In the post Understanding self-supervised and contrastive learning with “Bootstrap Your Own Latent” (BYOL) is explained the importance of Batch Normalization in the prevention of collapse. They notice that if batch norm was not in the MLP the model will perform poorly. Batch norm standardize the activations in the network based on the batch’s mean and variance, which can vary between batches. Since the online and target network have different parameters in the batch norm layer, the output representation of the online and target network will also differ. These slightly differences in the outputs force the model to generate rich representations. However, is also highlighted that is worth avoiding batch normalization and use other alternatives like layer normalization or weight standardization with group normalization.

Results

The BYOL framework archive higher performance than the state-of-the-art contrastive methods in the ImageNet dataset. Performance of BYOL on the ImageNet (linear evaluation) Credits: Bootstrap your own latent: A new approach to self-supervised Learning

BYOL is evaluated in both linear evaluation and fine-tuning evaluation. The linear evaluation consists on training a multinomial logistic regression on top of the frozen representations outputted by the encoder $f_\theta$ (The encoder weights are not trained in this evaluation.). An example of linear model

To fine-tune evaluation consist on initialize $f_\theta$ parameters with the pre-trained representation, and retrain the encoder alongside a classifier on labeled dataset. An example of fine-tune a model

Note: For fine-tune there are many other types of architecture that can be used to fine tune this model.

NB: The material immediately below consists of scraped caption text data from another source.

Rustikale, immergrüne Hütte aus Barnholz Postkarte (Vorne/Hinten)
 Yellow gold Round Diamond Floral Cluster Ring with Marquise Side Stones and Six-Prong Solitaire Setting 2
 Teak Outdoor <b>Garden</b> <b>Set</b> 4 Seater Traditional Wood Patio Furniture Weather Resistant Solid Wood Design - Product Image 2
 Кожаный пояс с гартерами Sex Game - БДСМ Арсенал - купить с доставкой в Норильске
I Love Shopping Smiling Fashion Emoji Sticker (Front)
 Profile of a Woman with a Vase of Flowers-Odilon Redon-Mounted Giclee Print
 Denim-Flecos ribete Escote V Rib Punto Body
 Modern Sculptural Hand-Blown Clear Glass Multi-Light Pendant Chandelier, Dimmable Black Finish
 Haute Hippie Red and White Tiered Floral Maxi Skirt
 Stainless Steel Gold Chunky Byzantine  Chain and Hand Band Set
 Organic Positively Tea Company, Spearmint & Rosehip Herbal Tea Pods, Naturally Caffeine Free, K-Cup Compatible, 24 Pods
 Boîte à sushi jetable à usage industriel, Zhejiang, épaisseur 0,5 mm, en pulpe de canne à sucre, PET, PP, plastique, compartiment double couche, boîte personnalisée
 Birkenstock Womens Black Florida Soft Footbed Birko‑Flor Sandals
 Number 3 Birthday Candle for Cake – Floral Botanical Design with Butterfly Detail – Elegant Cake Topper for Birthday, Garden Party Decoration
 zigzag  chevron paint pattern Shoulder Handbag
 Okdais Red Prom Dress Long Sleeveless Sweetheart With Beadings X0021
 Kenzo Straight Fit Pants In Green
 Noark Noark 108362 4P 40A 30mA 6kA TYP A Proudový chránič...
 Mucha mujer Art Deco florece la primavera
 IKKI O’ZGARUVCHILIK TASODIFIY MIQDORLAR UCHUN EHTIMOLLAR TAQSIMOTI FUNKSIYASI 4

BYOL was pre-trained on ImageNet by 300 epochs. After pre-trained, the model is evaluated on many downstream tasks by using linear and fine-tune evaluations. Table 3: Transfer learning results from ImageNet (IN) with the standard ResNet-50 architecture. Credits: Bootstrap your own latent: A new approach to self-supervised Learning This result show competitive results to the Supervised training of RestNet-50 in ImageNet and surpass the performance of contrastive learning models.

In these tables shows the robustness of BYOL against batch size compared to SimCLR. Also show the robustness for data augmentations showing that is not that sensitive to the choice of image augmentation like SimCLR. Figure 3: Decrease in top-1 accuracy (in % points) of BYOL and our own reproduction of SimCLR at 300 epochs, under linear evaluation on ImageNet. Credits: Bootstrap your own latent: A new approach to self-supervised Learning

Remarks

BYOL gives another solution to the traditional use of contrastive loss for self-supervised frameworks. Giving more research on this non-contrastive framework opens the door for more powerful models. Also taking out the need of negative examples gives more freedom to the model to understand the data and give richer representations.

In the original BYOL paper have many other interesting topics:

  • Result on linear and semi-supervised evaluation on ImageNet.
  • A more detail information about the setup of BYOL.
  • Details on the relation to contrastive methods.
  • Pseudo-code in JAX to implement BYOL.

I encourage you to look the papers from the reference section. This will give you a broader perspective on the Bootstrap your own latent: A new approach to self-supervised Learning paper.

Thank you for reading!

Cite as:

@article{
  tajia2024bootstrap,
  title={Bootstrap Your Own Latent},
  author={Tajia, Pedro},
  year={2024},
  howpublished={\url{https://pedrotajia.com/2024/10/20/bootstrap-your-own-latent.html}}
}

References

  1. Jean-Bastien Grill et al., “Bootstrap Your Own Latent: A New Approach to Self-Supervised Learning”, arXiv, 2020.
  2. Ting Chen et al., “A Simple Framework for Contrastive Learning of Visual Representations (SimCLR)”, arXiv, 2020.
  3. Xinlei Chen and Kaiming He, “On the Importance of Asymmetry for Siamese Representation Learning”, arXiv, 2022.
  4. Imbue Research, “Understanding Self-Supervised and Contrastive Learning with ‘Bootstrap Your Own Latent’ (BYOL)”, Blog post.
  5. Thalles Silva, “Exploring SimCLR: A Simple Framework for Contrastive Learning of Visual Representations”, Blog post.